## Task item
Your copy should hold every record verbatim and none of the pictures.

Saved entries:
:::
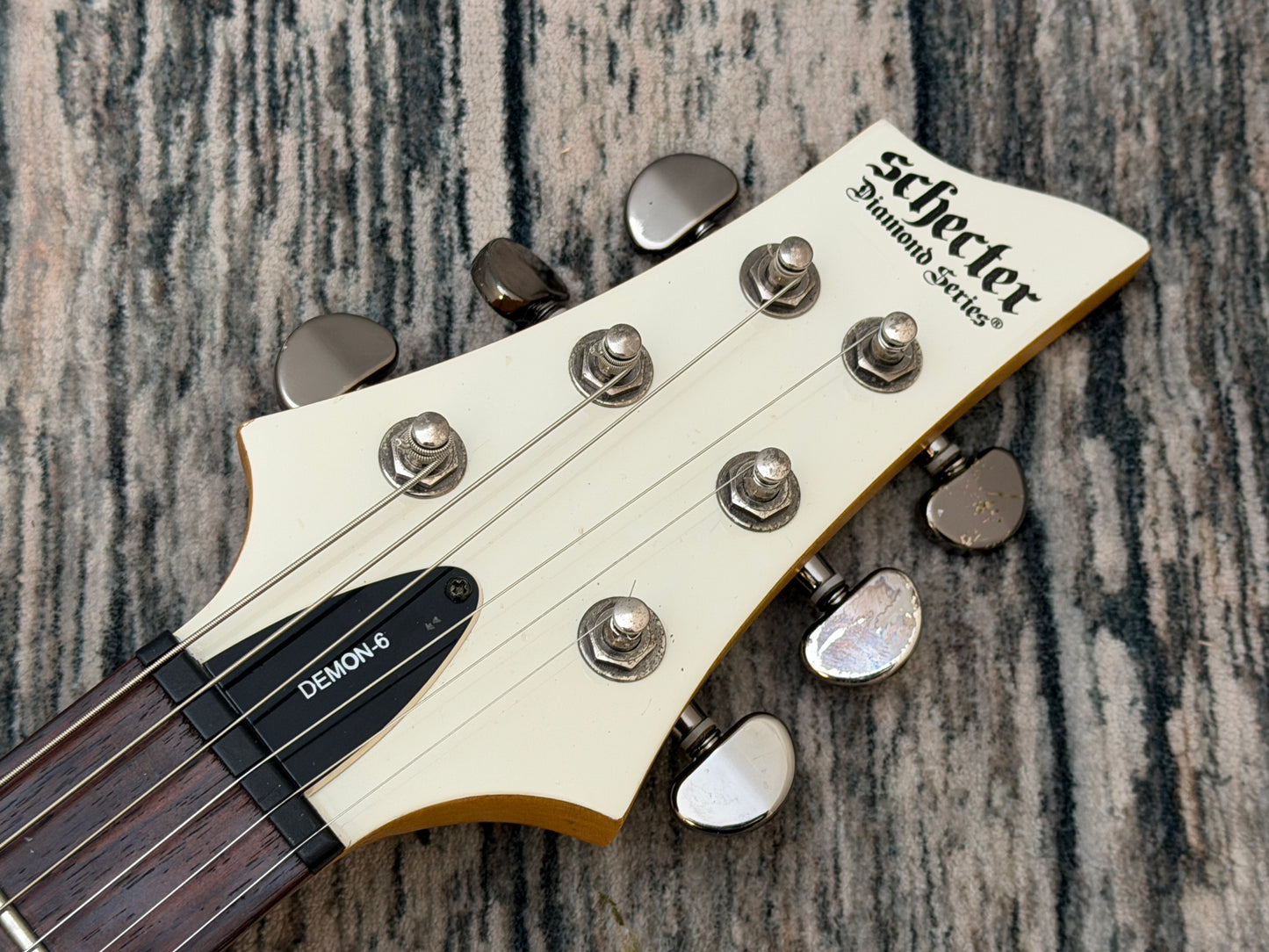 Schecter Demon 6 - Battered Bruised and Battle weary.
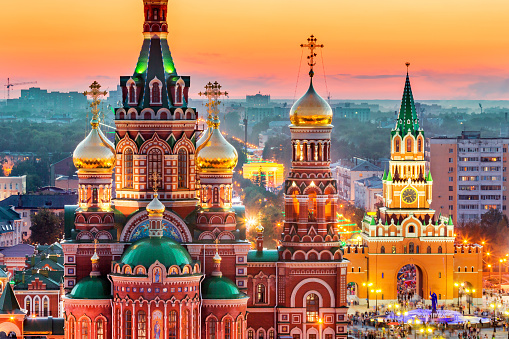Nice view of the town at sunset. Orthodox church surrounded by beautiful red brick buildings on the city's embankment. Volga region of Russia, the city of Yoshkar-Ola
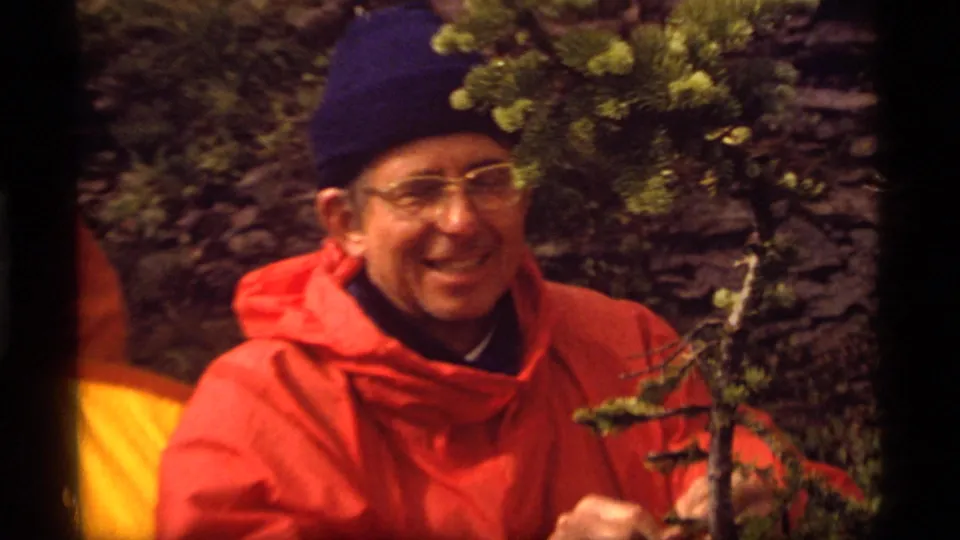 At Sapphire Lake, Montana in 1977, an adult hiker in a red jacket and blue knit cap smiles toward the 8mm camera beside evergreen branches.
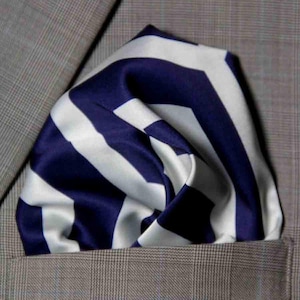 May include: A pocket square featuring a bold, navy blue and white chevron pattern. The fabric has a smooth, satin-like finish and is folded into a puff style, tucked neatly into the breast pocket of a light brown, plaid-patterned suit jacket.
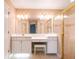 Bathroom showcasing a vanity with a makeup counter and a glass-enclosed shower at 1639 Yellow Brick Rd, Astor, FL 32102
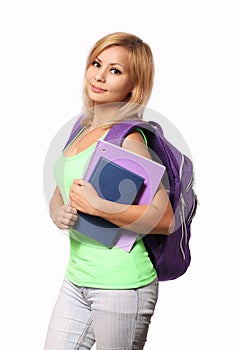 Student girl with backpack and books isolated on white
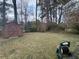 Well-maintained backyard with an outdoor shed for extra storage space at 1046 Sans Souci Way, Clarkston, GA 30021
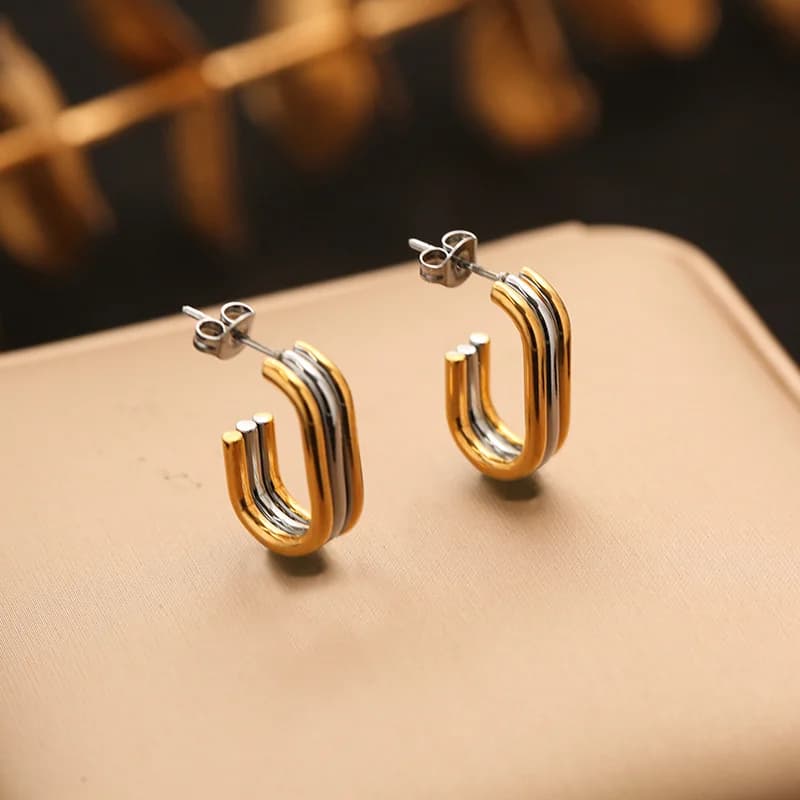 Pendientes de botón geométricos bicolor en acero inoxidable 316L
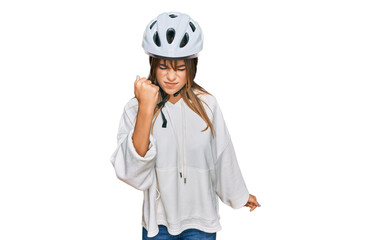 Teenager caucasian girl wearing bike helmet angry and mad raising fist frustrated and furious while shouting with anger. rage and aggressive concept.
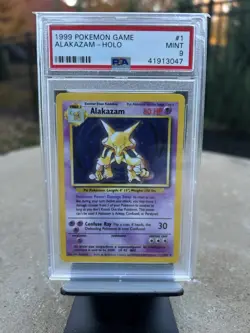 1999 POKEMON BASE SET UNLIMITED #1 ALAKAZAM-HOLO PSA 9 MINT - Image 1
:::
## Exercise answer
 Schecter Demon 6 - Battered Bruised and Battle weary.
Nice view of the town at sunset. Orthodox church surrounded by beautiful red brick buildings on the city's embankment. Volga region of Russia, the city of Yoshkar-Ola
 At Sapphire Lake, Montana in 1977, an adult hiker in a red jacket and blue knit cap smiles toward the 8mm camera beside evergreen branches.
 May include: A pocket square featuring a bold, navy blue and white chevron pattern. The fabric has a smooth, satin-like finish and is folded into a puff style, tucked neatly into the breast pocket of a light brown, plaid-patterned suit jacket.
 Bathroom showcasing a vanity with a makeup counter and a glass-enclosed shower at 1639 Yellow Brick Rd, Astor, FL 32102
 Student girl with backpack and books isolated on white
 Well-maintained backyard with an outdoor shed for extra storage space at 1046 Sans Souci Way, Clarkston, GA 30021
 Pendientes de botón geométricos bicolor en acero inoxidable 316L
 Teenager caucasian girl wearing bike helmet angry and mad raising fist frustrated and furious while shouting with anger. rage and aggressive concept.
 1999 POKEMON BASE SET UNLIMITED #1 ALAKAZAM-HOLO PSA 9 MINT - Image 1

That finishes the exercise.